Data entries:
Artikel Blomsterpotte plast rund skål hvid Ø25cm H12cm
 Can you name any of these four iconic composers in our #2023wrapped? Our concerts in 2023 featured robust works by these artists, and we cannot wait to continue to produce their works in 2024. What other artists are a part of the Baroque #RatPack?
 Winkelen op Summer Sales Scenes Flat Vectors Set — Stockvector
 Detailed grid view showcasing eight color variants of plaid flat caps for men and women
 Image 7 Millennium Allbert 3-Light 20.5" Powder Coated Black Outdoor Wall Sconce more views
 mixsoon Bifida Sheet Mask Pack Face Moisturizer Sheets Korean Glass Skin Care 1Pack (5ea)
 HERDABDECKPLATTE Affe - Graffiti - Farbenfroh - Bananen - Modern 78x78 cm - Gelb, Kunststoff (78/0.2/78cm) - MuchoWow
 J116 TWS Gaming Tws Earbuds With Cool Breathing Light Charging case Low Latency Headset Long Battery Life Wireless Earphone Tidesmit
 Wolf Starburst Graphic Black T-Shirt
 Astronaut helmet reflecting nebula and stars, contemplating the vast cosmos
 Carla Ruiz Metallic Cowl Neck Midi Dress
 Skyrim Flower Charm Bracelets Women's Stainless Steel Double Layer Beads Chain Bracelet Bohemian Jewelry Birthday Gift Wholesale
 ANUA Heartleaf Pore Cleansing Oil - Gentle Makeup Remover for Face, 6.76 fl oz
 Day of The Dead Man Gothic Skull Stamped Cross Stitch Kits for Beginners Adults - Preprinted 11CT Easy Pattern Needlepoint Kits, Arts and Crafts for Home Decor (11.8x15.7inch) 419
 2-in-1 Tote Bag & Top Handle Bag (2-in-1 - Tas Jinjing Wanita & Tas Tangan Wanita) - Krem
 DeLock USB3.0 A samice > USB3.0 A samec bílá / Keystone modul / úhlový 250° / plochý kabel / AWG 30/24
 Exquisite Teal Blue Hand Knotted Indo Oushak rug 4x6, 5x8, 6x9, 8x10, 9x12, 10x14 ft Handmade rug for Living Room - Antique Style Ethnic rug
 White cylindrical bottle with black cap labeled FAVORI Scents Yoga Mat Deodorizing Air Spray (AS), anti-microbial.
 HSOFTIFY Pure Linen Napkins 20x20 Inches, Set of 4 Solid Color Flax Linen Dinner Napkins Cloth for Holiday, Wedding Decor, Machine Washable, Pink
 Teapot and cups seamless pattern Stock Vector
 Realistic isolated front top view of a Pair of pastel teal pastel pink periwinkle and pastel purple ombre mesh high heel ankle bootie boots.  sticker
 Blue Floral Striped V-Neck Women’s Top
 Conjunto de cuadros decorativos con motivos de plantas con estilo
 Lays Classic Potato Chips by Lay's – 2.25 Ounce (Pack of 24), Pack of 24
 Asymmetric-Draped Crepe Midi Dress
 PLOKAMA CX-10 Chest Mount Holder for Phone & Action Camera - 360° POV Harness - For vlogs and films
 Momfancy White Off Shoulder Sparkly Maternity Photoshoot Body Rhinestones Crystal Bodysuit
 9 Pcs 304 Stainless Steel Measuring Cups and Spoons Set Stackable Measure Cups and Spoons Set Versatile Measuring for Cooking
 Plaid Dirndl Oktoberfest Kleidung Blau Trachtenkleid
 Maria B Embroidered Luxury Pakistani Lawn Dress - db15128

§ **Instructions for the task**: Repeat the records exactly, leaving out none of them.

§ **Solution to the exercise**:
Artikel Blomsterpotte plast rund skål hvid Ø25cm H12cm
 Can you name any of these four iconic composers in our #2023wrapped? Our concerts in 2023 featured robust works by these artists, and we cannot wait to continue to produce their works in 2024. What other artists are a part of the Baroque #RatPack?
 Winkelen op Summer Sales Scenes Flat Vectors Set — Stockvector
 Detailed grid view showcasing eight color variants of plaid flat caps for men and women
 Image 7 Millennium Allbert 3-Light 20.5" Powder Coated Black Outdoor Wall Sconce more views
 mixsoon Bifida Sheet Mask Pack Face Moisturizer Sheets Korean Glass Skin Care 1Pack (5ea)
 HERDABDECKPLATTE Affe - Graffiti - Farbenfroh - Bananen - Modern 78x78 cm - Gelb, Kunststoff (78/0.2/78cm) - MuchoWow
 J116 TWS Gaming Tws Earbuds With Cool Breathing Light Charging case Low Latency Headset Long Battery Life Wireless Earphone Tidesmit
 Wolf Starburst Graphic Black T-Shirt
 Astronaut helmet reflecting nebula and stars, contemplating the vast cosmos
 Carla Ruiz Metallic Cowl Neck Midi Dress
 Skyrim Flower Charm Bracelets Women's Stainless Steel Double Layer Beads Chain Bracelet Bohemian Jewelry Birthday Gift Wholesale
 ANUA Heartleaf Pore Cleansing Oil - Gentle Makeup Remover for Face, 6.76 fl oz
 Day of The Dead Man Gothic Skull Stamped Cross Stitch Kits for Beginners Adults - Preprinted 11CT Easy Pattern Needlepoint Kits, Arts and Crafts for Home Decor (11.8x15.7inch) 419
 2-in-1 Tote Bag & Top Handle Bag (2-in-1 - Tas Jinjing Wanita & Tas Tangan Wanita) - Krem
 DeLock USB3.0 A samice > USB3.0 A samec bílá / Keystone modul / úhlový 250° / plochý kabel / AWG 30/24
 Exquisite Teal Blue Hand Knotted Indo Oushak rug 4x6, 5x8, 6x9, 8x10, 9x12, 10x14 ft Handmade rug for Living Room - Antique Style Ethnic rug
 White cylindrical bottle with black cap labeled FAVORI Scents Yoga Mat Deodorizing Air Spray (AS), anti-microbial.
 HSOFTIFY Pure Linen Napkins 20x20 Inches, Set of 4 Solid Color Flax Linen Dinner Napkins Cloth for Holiday, Wedding Decor, Machine Washable, Pink
 Teapot and cups seamless pattern Stock Vector
 Realistic isolated front top view of a Pair of pastel teal pastel pink periwinkle and pastel purple ombre mesh high heel ankle bootie boots.  sticker
 Blue Floral Striped V-Neck Women’s Top
 Conjunto de cuadros decorativos con motivos de plantas con estilo
 Lays Classic Potato Chips by Lay's – 2.25 Ounce (Pack of 24), Pack of 24
 Asymmetric-Draped Crepe Midi Dress
 PLOKAMA CX-10 Chest Mount Holder for Phone & Action Camera - 360° POV Harness - For vlogs and films
 Momfancy White Off Shoulder Sparkly Maternity Photoshoot Body Rhinestones Crystal Bodysuit
 9 Pcs 304 Stainless Steel Measuring Cups and Spoons Set Stackable Measure Cups and Spoons Set Versatile Measuring for Cooking
 Plaid Dirndl Oktoberfest Kleidung Blau Trachtenkleid
 Maria B Embroidered Luxury Pakistani Lawn Dress - db15128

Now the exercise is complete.